State legislatures and governors’ offices are important too. States have a huge effect on what happens in Washington DC. Eleven governorships will be decided in 2020. You can find information on these elections at https://ballotpedia.org/Gubernatorial_elections,_2020.
States with national parks and national forests that are under attack from the Trump Administration include California, Alaska, Montana, Wyoming, Minnesota, Idaho, California, Louisiana, and Utah. Pending legislation contains provisions that would allow motorized vehicles, military overflights, motorized bikes, electrical distribution lines, buffer zones, permanent fixed climbing anchors, law enforcement activities, utility rights-of-way, paragliding, competitive running events, road improvement, aircraft landing, and helicopters in wilderness areas in these states. Information on these bills in Congress is presented at https://wildernesswatch.org/images/wild-issues/2019/Wilderness-Legislation-116th-Congress.pdf.
We need your help to gather information on candidates and incumbents in your state who are running for the state legislature, and what their positions are on wildlife, hunting, and activities allowed on public lands.
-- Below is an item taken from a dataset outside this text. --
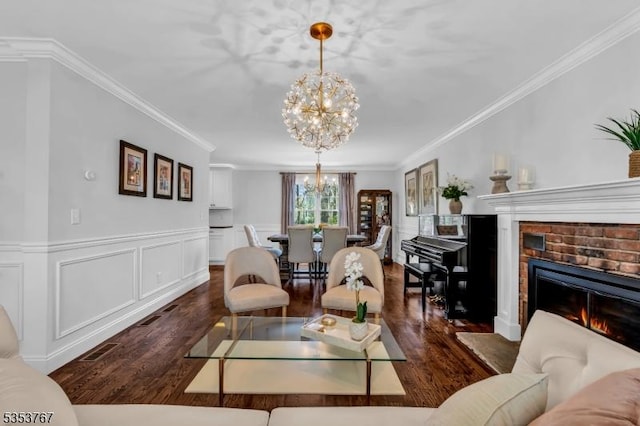 living area featuring crown molding, a fireplace, wood finished floors, and a notable chandelier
Hunting regulations are particularly important. Legislatures often make changes in hunting regulations from one year to another that can affect predators and public lands.
Are you interested in helping Defend Our Parks to collect this information?
We’d love to have you as a volunteer. If you’d like to help, go to our Contact page. Fill out the information and click Submit. We’ll respond as soon as we can.
The Trump Administration is trying to destroy the Endangered Species Act. The Department of the Interior, U.S. Fish and Wildlife Service, and the Bureau of Land Management have proposed removing regulations that protect wolves, grizzlies, mountain lions, and other species from the ESA and allowing states to “manage” them.
We all know what “manage” means: hunting seasons. In Montana, Idaho, and Wyoming (states that already have “state management”), wolves and bears are being slaughtered right now. Many hunters in these states have no concept of what an ecosystem is, and think only of their own egos and how they can brag about killing large, dangerous animals. Schools have failed to teach these hunters about the circle of life. The hunters have convinced themselves that wolf predation is the major reason why elk and deer populations decrease. That’s wrong. The major reasons for reduced numbers of elk and deer are severe winters, collisions with vehicles on highways, and hunting. Wolves are the 9th or 10th cause of elk and deer death annually in states where wolves live.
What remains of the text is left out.